I had to ask myself, why? There were plenty of pieces in Morris’ set that I’d love to have hanging over the couch in my living room, but I wasn’t captured by anything he did. I found myself evaluating his work based on color and composition, and failing to be moved toward anything transcendent. It is kind of analogous to being moved by a beautiful woman, and then realizing that she has no intellectual depth. You may be raptured with her beauty for a while, but it would be difficult to continue creating a meaningful relationship that is not inherently existent. This is how a lot of modern art strikes me, meaningless, and vacuous. It has destroyed the symbols that move us beyond ourselves. Is art supposed to convey meaning and transcendence? Does art reflect culture or define culture? What makes art good? Is art utilitarian in the sense that it conveys meaning for my use only?
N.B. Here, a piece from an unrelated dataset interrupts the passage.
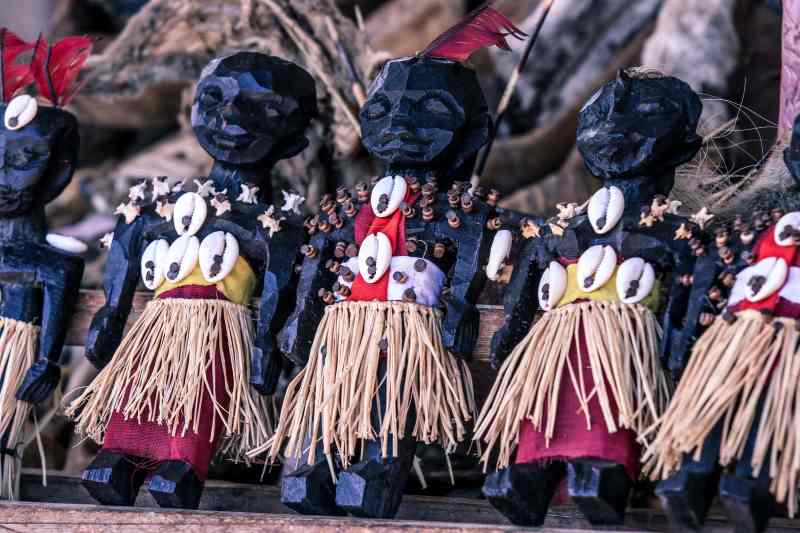 În țara în care mii de copii sunt acuzați de vrăjitorie, o organizație încearcă să îi ajute să își refacă viața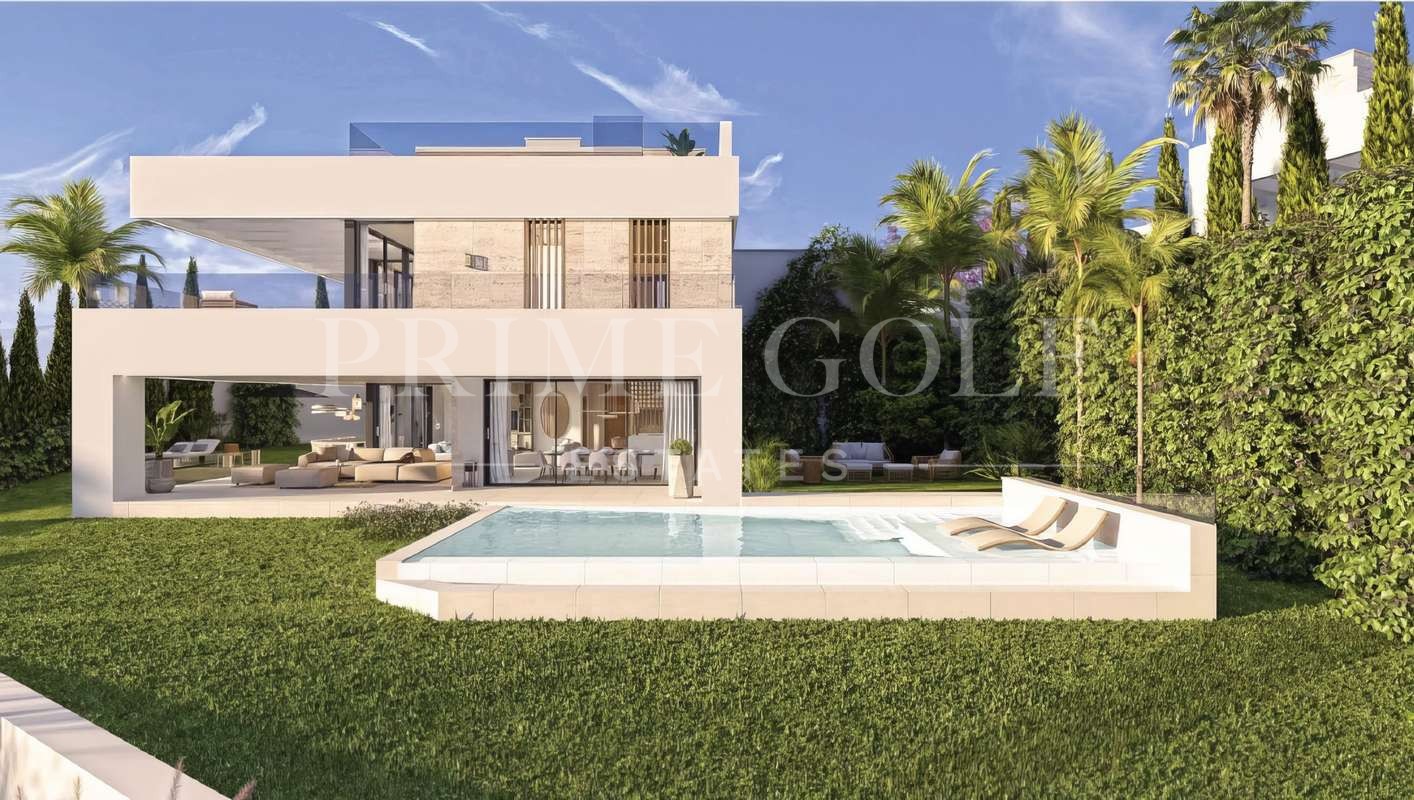 5 bed Villa For Sale in Manilva, Malaga - thumb 24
Beauty may be in the eye of the beholder, but shouldn’t the concept of beauty bring our minds toward the reality of beauty. Is there real beauty? Is there something truly good? I feel that the way we answer these questions determines art's place in our culture. If there is no essential, necessary beauty, or good, it seems that art then becomes a slave to our own interpretation, and therefore is crushed under the weight of consumerism. There is no transcendence in our own being, and if I am supposed to “look beyond the objective reality” toward an inner consciousness, is there anything truly there but me?
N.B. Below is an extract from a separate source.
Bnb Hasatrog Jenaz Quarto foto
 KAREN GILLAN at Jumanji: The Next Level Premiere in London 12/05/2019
I think what struck me most about the Egyptian and renaissance art was its connection to the reality of the transcendent, and the fact that it whisked me away into eons of time, and culture. It has stood the test, because it meant something; it brought me outside of myself, and made me look elsewhere. The irony of the situation was that I’d be more comfortable with Morris’ stuff hanging in my living room than Raphael, but only because his colors would match well with the décor, not because it translated me into another world, even the world he painted in.
Then is realism the only art we can attach meaning to? No, not at all! As a matter of fact, if there is no authorial meaning then its medium will not matter. The abstract can communicate meaning, as well or better than a photograph, if meaning is a reality. I believe that meaning can be communicated in diverse ways, with diverse understanding. Is relativism destroying great art and producing pop art sold to the masses, or elite art, only understood by the initiated? If art is no longer a symbol by which we understand culture and reality, has it given way to the “Guerillas of art” (a term Oliver Stone coined in reference to writer/directors), the new evangelists of our times? Is it possible that the fine arts have succumbed to relativistic Gnosticism (or pop madness), paving the way for the artist of the screenplay to direct our cultural symbols through the lens of a camera?
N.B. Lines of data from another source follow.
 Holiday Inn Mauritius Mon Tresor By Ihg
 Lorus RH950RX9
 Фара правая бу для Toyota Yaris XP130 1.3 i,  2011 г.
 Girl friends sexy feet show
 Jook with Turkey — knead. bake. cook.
Maybe it was all just bad coffee? After all, Renaissance art doesn’t impress me either. It’s just a bunch of Europeans creating gods in their own dead, white images. I know this is really just the beginning of a discussion without any real answers. Maybe there is no answer to the question of transcendence in art. However, I do believe that there is a standard of beauty that drives us to image it, even when our weak attempts fall short. Art should strive for this transcendence, moving beyond our whole into another dimension. If meaning is created in the mind of the interpreter then the artist is dead, and its meaning is sucked like light into a black hole back into itself, reflecting the glory of its maker, and she is you!